Recommandation du comité
Recommandation du comité- 867. Au vu des conclusions qui précèdent, le comité invite le Conseil d’administration à approuver les recommandations suivantes:
- a) Le comité prie le gouvernement de le tenir informé sur la réforme législative lancée qui aboutira selon ce dernier, entre autres, à modifier l’article 263(g) du Code du travail.

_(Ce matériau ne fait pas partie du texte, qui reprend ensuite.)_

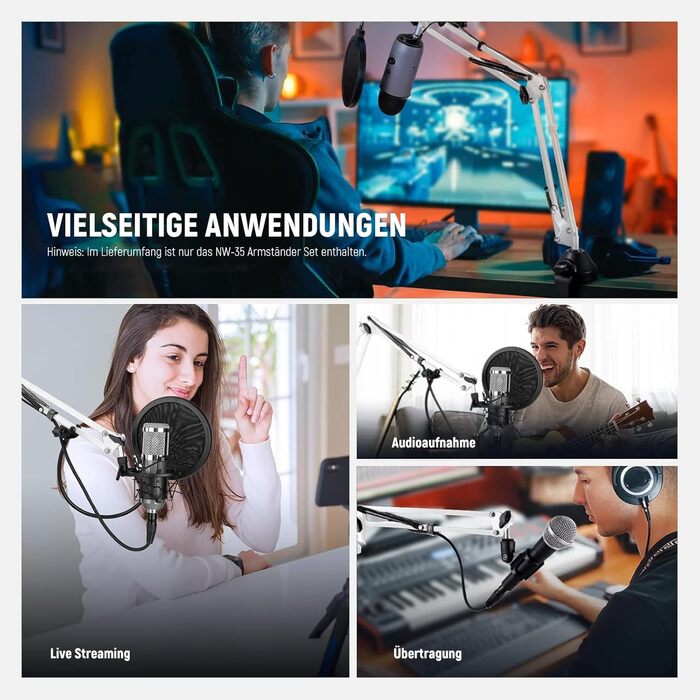 Тримач для мікрофону Neewer NW-35, підвіс Boom Schere, штатив з гвинтовою різьбою 3/8' - 5/8', сумісний з Blue Yeti, Quadcast та іншими мікрофонами, максимальне навантаження 1.5 кг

- b) Prenant note de l’indication du gouvernement selon laquelle il a rencontré les parties concernées et entamé des entretiens exploratoires en vue de trouver des solutions originales au conflit, le comité demande au gouvernement, dans le contexte présent, de réexaminer avec la direction de l’hôtel et les travailleurs licenciés concernés la faisabilité de leur réintégration et, pour ceux qui ne peuvent être réintégrés immédiatement, la possibilité de les inscrire dans une liste prioritaire de réengagement ou de leur verser une indemnité adéquate. Il demande par ailleurs au gouvernement de réexaminer le caractère adéquat de l’indemnité des licenciements offerte aux 61 membres syndicaux licenciés pour s’assurer qu’ils ont été indemnisés à hauteur du préjudice subi. Le comité demande au gouvernement de le tenir informé des progrès réalisés pour parvenir à une solution satisfaisante pour toutes les personnes concernées.